__Problem description__
Pictures appear among the records below and must be omitted. Repeat exactly the lines from the line with "Saturday's bonfire saw" to the line with "Norristown wrestling coach", both included.

__Data for this exercise__

= = = =

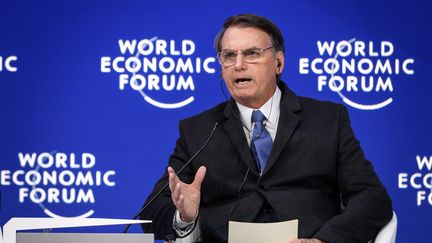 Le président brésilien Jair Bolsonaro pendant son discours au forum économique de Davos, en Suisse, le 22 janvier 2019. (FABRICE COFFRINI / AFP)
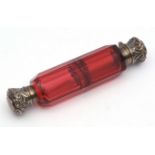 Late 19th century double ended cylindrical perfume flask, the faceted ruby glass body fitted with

= = = =

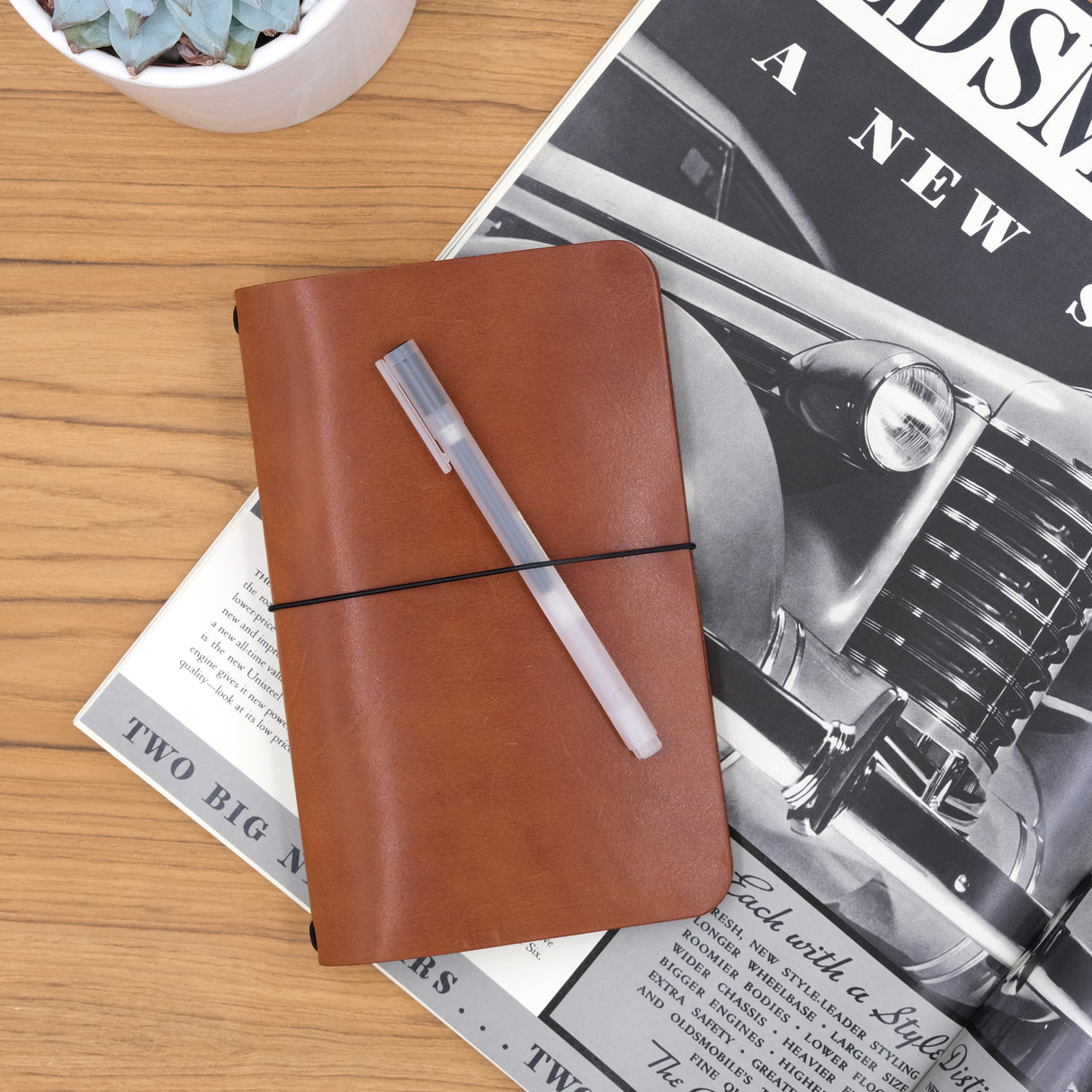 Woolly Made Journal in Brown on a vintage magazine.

= = = =

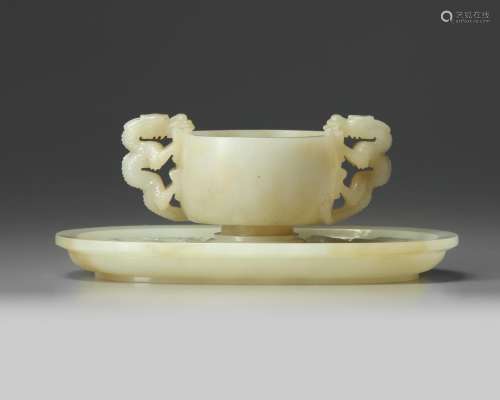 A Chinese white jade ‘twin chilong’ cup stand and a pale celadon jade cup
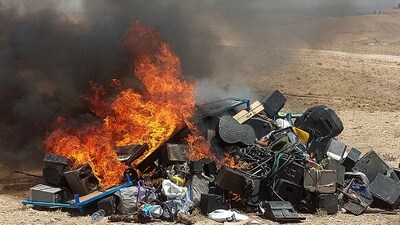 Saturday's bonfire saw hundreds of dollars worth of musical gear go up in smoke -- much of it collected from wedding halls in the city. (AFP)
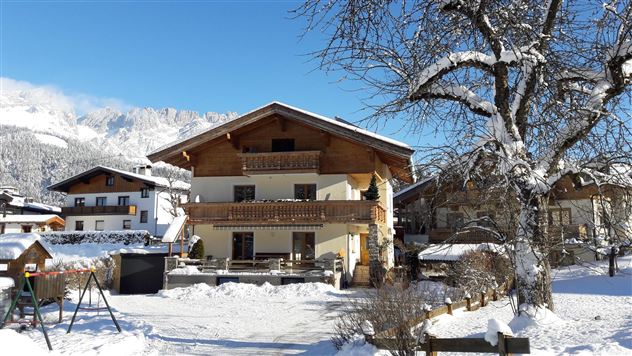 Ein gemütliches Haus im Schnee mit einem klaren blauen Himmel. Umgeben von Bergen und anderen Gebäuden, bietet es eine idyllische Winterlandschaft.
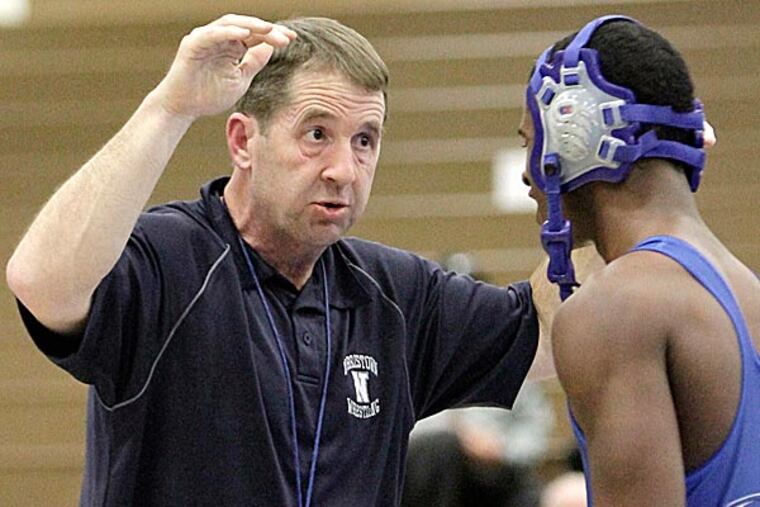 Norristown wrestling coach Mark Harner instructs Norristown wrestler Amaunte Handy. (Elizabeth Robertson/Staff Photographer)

= = = =

__Result of this task__
 Saturday's bonfire saw hundreds of dollars worth of musical gear go up in smoke -- much of it collected from wedding halls in the city. (AFP)
 Ein gemütliches Haus im Schnee mit einem klaren blauen Himmel. Umgeben von Bergen und anderen Gebäuden, bietet es eine idyllische Winterlandschaft.
 Norristown wrestling coach Mark Harner instructs Norristown wrestler Amaunte Handy. (Elizabeth Robertson/Staff Photographer)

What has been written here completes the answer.